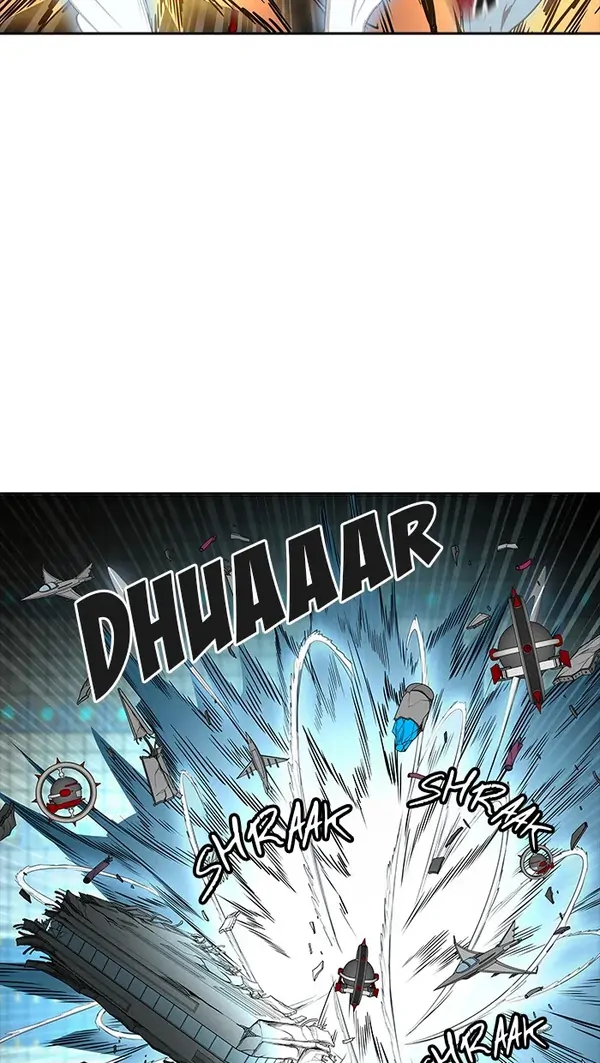 Baca Tower of God - Chapter 478 halaman 8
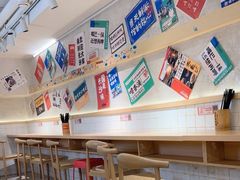 -刘百味粉馆(五一华府店)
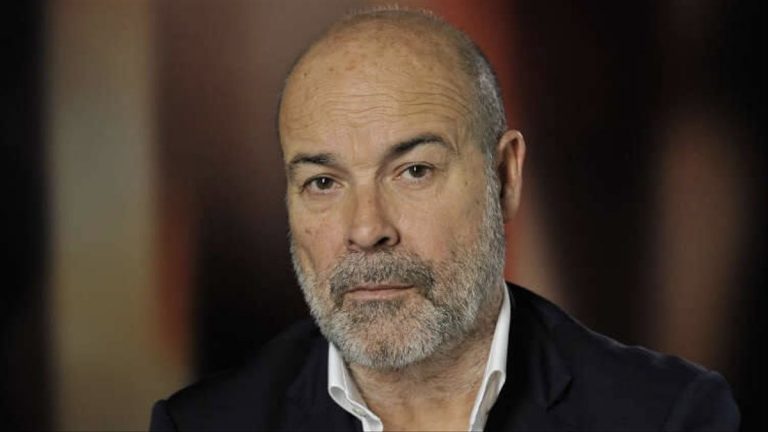 Antonio Resines: Las cinco experiencias cercanas a la muerte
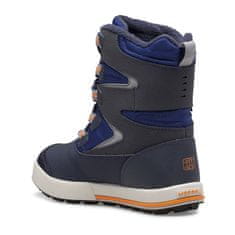 Merrell Snehovky tmavomodrá 37 EU Snow Bank 3.0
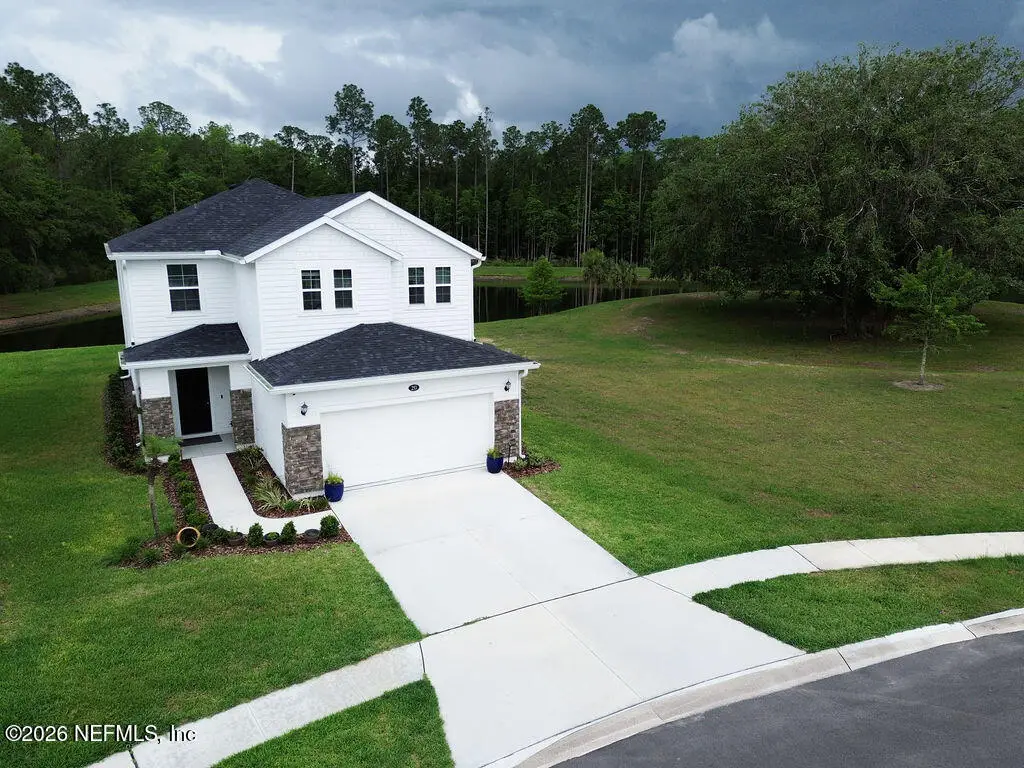 253 Boulder Lane, Saint Johns, FL 32259 - #1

GOAL OF THE EXERCISE: Give the data back exactly, omitting all pictures.

SOLUTION:
 Baca Tower of God - Chapter 478 halaman 8
 -刘百味粉馆(五一华府店)
 Antonio Resines: Las cinco experiencias cercanas a la muerte
 Merrell Snehovky tmavomodrá 37 EU Snow Bank 3.0
 253 Boulder Lane, Saint Johns, FL 32259 - #1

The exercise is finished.